Field Notes7 min read
When Your Eval Set Stops Telling the Truth
Your eval set is supposed to be the truth. It can quietly stop being it. Four ways evals lie, the quarterly audit that catches them, and the discipline of killing examples.
Build the eval set before the feature is the advice. We stand by it. But six months in, a different problem appears: the eval set passes, the score climbs, and users start complaining anyway.
The eval set has stopped telling the truth. It's still answering the question you asked it; the question just no longer matches the product.

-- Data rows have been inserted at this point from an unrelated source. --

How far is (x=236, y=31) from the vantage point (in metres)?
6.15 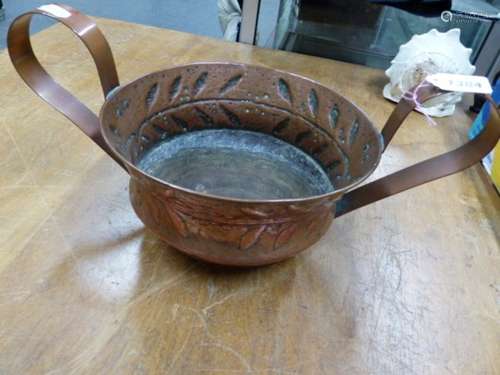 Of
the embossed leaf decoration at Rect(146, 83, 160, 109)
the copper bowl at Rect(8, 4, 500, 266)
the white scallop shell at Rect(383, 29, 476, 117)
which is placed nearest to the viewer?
the copper bowl at Rect(8, 4, 500, 266)

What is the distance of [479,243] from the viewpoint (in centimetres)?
43

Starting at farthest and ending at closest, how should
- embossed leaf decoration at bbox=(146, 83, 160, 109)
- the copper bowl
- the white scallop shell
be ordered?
1. the white scallop shell
2. embossed leaf decoration at bbox=(146, 83, 160, 109)
3. the copper bowl

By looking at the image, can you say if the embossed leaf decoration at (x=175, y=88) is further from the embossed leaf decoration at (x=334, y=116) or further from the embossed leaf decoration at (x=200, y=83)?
the embossed leaf decoration at (x=334, y=116)

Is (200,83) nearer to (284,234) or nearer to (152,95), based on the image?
(152,95)

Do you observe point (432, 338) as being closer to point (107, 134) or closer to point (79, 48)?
point (107, 134)

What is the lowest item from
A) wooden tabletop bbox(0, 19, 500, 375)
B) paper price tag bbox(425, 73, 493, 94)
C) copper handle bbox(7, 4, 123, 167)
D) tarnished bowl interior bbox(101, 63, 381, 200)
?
wooden tabletop bbox(0, 19, 500, 375)

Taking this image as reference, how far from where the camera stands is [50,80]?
34cm

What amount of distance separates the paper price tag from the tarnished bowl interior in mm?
70

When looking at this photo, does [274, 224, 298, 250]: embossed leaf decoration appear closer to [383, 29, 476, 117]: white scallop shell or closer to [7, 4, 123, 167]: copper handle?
[7, 4, 123, 167]: copper handle

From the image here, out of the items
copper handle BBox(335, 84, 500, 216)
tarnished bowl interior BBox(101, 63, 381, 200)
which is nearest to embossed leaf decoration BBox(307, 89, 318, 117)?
tarnished bowl interior BBox(101, 63, 381, 200)

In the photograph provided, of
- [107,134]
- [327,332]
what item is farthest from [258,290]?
[107,134]

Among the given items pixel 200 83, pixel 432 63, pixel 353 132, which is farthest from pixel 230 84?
pixel 432 63

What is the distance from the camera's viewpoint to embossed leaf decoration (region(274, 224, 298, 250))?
289mm

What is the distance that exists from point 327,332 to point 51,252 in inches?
9.0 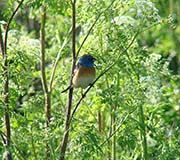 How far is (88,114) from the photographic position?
5805 mm

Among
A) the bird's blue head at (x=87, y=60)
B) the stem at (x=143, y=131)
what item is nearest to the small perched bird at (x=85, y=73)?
the bird's blue head at (x=87, y=60)

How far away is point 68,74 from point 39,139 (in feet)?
2.18

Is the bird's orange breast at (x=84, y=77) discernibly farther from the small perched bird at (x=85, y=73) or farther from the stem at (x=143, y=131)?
the stem at (x=143, y=131)

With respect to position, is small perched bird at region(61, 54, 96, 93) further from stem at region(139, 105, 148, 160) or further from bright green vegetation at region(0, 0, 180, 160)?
stem at region(139, 105, 148, 160)

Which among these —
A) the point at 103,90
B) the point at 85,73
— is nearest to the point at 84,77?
the point at 85,73

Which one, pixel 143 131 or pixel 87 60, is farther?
pixel 143 131

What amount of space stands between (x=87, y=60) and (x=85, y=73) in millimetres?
146

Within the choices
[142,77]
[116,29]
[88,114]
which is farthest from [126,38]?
[88,114]

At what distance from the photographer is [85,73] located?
503 cm

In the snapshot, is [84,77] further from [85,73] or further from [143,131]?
[143,131]

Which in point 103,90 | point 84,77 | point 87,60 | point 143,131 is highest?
point 87,60

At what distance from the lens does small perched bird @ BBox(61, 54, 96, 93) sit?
491 cm

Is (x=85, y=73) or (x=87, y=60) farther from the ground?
(x=87, y=60)

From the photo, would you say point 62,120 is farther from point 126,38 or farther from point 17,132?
point 126,38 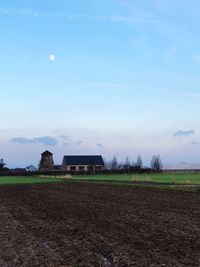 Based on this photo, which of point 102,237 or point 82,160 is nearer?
point 102,237

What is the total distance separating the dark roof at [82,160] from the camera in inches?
6791

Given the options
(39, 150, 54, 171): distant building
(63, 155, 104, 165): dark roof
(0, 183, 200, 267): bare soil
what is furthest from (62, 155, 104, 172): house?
(0, 183, 200, 267): bare soil

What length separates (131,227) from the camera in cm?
1852

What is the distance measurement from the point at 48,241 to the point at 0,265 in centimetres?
383

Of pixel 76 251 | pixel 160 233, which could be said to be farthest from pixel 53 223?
pixel 76 251

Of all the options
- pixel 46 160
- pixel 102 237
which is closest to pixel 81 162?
pixel 46 160

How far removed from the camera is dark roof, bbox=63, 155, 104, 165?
566 feet

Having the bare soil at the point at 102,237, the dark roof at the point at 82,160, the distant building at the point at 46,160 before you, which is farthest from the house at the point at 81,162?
the bare soil at the point at 102,237

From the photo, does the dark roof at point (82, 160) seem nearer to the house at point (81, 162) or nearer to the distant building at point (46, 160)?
the house at point (81, 162)

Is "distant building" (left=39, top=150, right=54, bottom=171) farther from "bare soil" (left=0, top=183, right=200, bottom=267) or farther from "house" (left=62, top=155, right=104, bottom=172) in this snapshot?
"bare soil" (left=0, top=183, right=200, bottom=267)

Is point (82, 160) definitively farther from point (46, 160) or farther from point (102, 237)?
point (102, 237)

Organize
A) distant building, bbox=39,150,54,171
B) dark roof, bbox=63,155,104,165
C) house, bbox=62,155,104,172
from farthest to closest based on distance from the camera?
distant building, bbox=39,150,54,171 < dark roof, bbox=63,155,104,165 < house, bbox=62,155,104,172

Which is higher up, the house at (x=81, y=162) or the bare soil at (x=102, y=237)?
the house at (x=81, y=162)

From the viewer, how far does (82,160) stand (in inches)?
6895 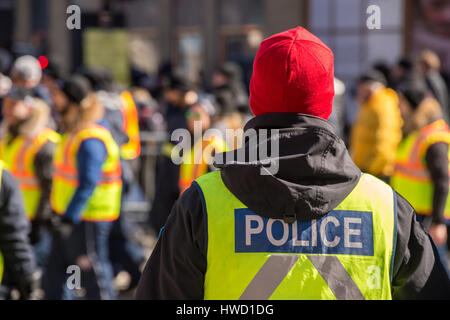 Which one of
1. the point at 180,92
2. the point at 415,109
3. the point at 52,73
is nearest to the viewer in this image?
the point at 415,109

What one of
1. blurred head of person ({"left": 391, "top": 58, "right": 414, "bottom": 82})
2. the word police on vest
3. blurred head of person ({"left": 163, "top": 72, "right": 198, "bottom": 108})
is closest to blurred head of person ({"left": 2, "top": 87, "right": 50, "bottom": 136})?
blurred head of person ({"left": 163, "top": 72, "right": 198, "bottom": 108})

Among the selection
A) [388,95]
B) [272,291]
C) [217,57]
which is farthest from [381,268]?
[217,57]

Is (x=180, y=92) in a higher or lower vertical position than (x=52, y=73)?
lower

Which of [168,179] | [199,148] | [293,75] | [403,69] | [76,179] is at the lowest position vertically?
[168,179]

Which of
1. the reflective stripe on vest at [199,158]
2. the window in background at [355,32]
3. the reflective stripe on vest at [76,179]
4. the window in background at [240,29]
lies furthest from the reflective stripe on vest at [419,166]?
the window in background at [240,29]

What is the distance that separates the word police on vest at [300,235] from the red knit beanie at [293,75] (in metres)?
0.32

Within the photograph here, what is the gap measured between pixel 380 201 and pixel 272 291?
405 mm

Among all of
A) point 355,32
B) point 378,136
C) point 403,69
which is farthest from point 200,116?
point 355,32

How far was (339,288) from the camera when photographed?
2.04 metres

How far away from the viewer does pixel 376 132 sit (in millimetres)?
7707

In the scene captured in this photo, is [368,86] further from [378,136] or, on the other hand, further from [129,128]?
→ [129,128]

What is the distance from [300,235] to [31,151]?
3764 mm

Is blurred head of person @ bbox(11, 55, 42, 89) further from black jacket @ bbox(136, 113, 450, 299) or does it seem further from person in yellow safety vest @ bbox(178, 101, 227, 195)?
black jacket @ bbox(136, 113, 450, 299) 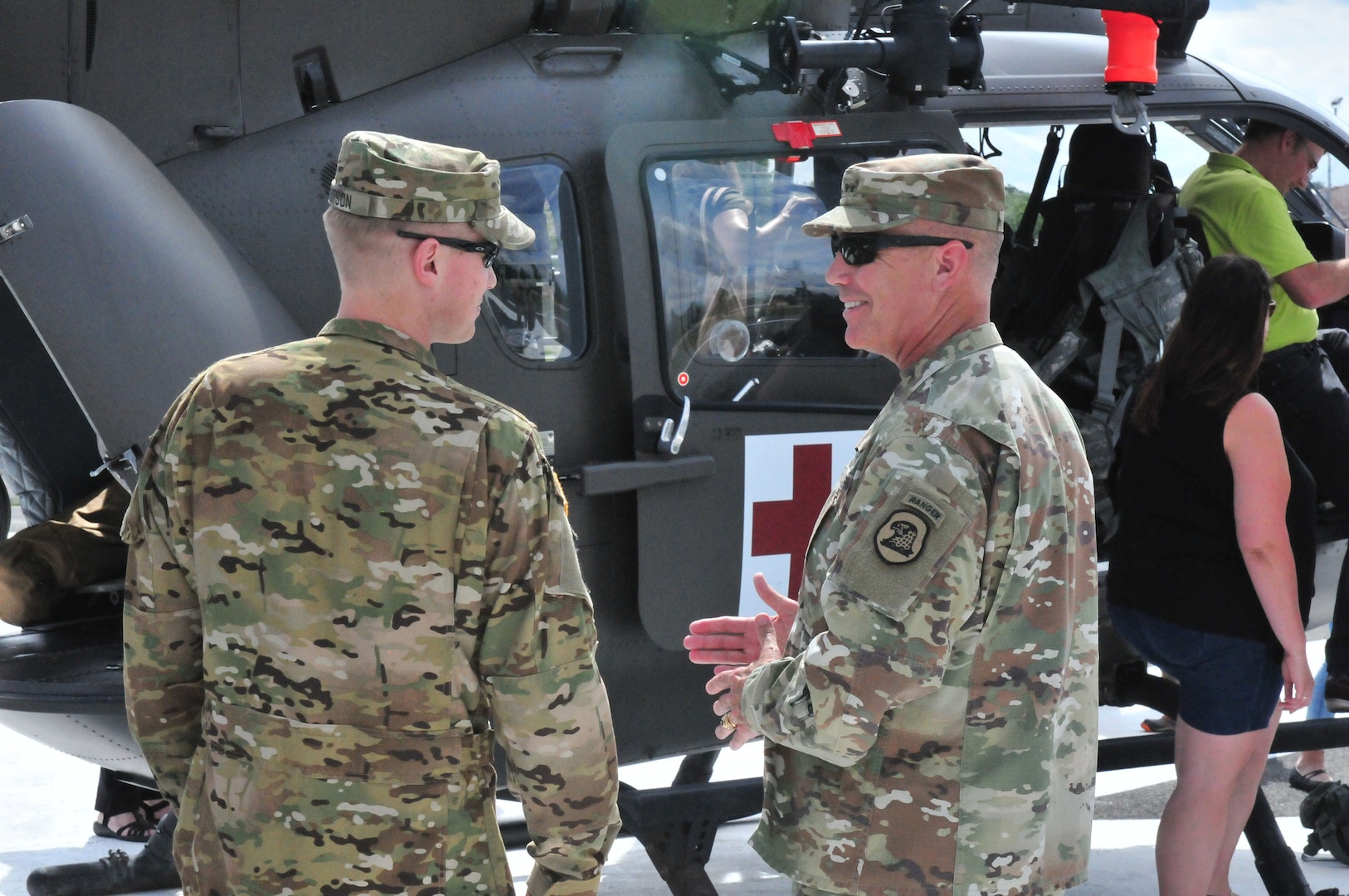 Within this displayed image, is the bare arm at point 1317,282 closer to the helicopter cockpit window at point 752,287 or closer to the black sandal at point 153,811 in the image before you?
the helicopter cockpit window at point 752,287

Four ways an eval set lies
1. Optimized to death
The team has iterated against the same 50 examples for nine months. Score is now 97%. Production quality is flat. You're not measuring quality anymore — you're measuring "how well does the model do on these specific 50 things." That's overfitting to the eval, dressed up as progress.
2. Stale
The eval set was built from production inputs from Q3 last year. Since then, product surface area grew, you added two languages, mobile users shifted the input distribution. The eval still reflects the old world. Your "regressions" pass it; your real users hit something it never saw.
3. Wrong granularity
The eval checks "does the output mention shipping costs?" The real bug is "the shipping cost amount is wrong by a factor of 10." The eval passes a wrong answer with a correct-shaped output. The granularity is too coarse to catch the failure mode you actually care about.
4. Biased sampling
The eval was built from the inputs that were easiest to label — short, English, happy-path. Long inputs, PT-BR, edge cases, adversarial: under-represented. The eval is honest about the slice it covers and silent about the slice it doesn't.
The audit — four checks
Run these quarterly. Each should take under an hour with logs at hand.
1. Hold-out drift
You kept 20% of examples as a test set the team doesn't iterate against, right? Compare train score vs. test score over the last six months. If train climbed and test stalled — overfitting. Refresh the train set with new examples.
2. Tag-pass-rate distribution
Bucket eval results by tag (language, input length, category, customer segment). Pass rate of 92% averaged might be 99% on "EN, short" and 71% on "PT-BR, long." If any tag is more than 10 points below average and has real production volume, your eval is hiding a regression in that slice.
3. Production-vs-eval divergence
Plot eval pass rate next to one production outcome metric (thumbs-up rate, escalation rate, refund rate) on a six-month chart. If the two trend together — good, eval is honest. If they diverge for more than two weeks — eval is lying. Trust production.
4. Adversarial freshness
Take five real complaints from the last 30 days where users said the output was wrong. Try to express each as a new eval case. If your existing eval already catches all five — great. If even one slips through, the eval missed a class of failure your users found. Add it; investigate whether there's a category behind it.
Killing examples, not just adding
Every team adds examples to their eval set over time. Almost no team removes them. The result: a sprawling eval that's slow to run, biased toward whatever the team thought was interesting in month two, and harder to keep meaningful.
Once per quarter, delete:
- Examples your current model passes 100 times in a row. They've stopped being a signal. Keep one or two as canaries; drop the rest.
- Examples for product surfaces you killed. If the feature is gone, its evals shouldn't haunt the suite.
- Duplicates of duplicates. Near-identical inputs that all test the same property. Keep one well-labeled.
The goal is not a bigger eval set. It is an eval set that takes under five minutes to run end-to-end and surfaces real signal. A 200-example set the team actually runs on every change beats a 2,000-example set they avoid because it's slow.
The quarterly refresh ritual
Block 90 minutes once a quarter. Two engineers, the PM, real production logs. Goal:
- Run the four audit checks above. Write the result down.
- Sample 30 new inputs from the last 30 days of production logs. Label them.
- Drop 15 examples from the existing set per the kill criteria.
- Re-run the full eval against current production prompt. Record the new baseline.
That's it. Quarterly is enough — more often turns into ceremony, less often lets staleness compound.
Close
Eval sets are not write-once artifacts. They are living test suites that need pruning, refreshing, and honest audits — the same as the production code they describe.
The teams that ship AI features that stay good aren't the ones with the biggest eval sets. They're the ones whose evals still tell the truth in week 52.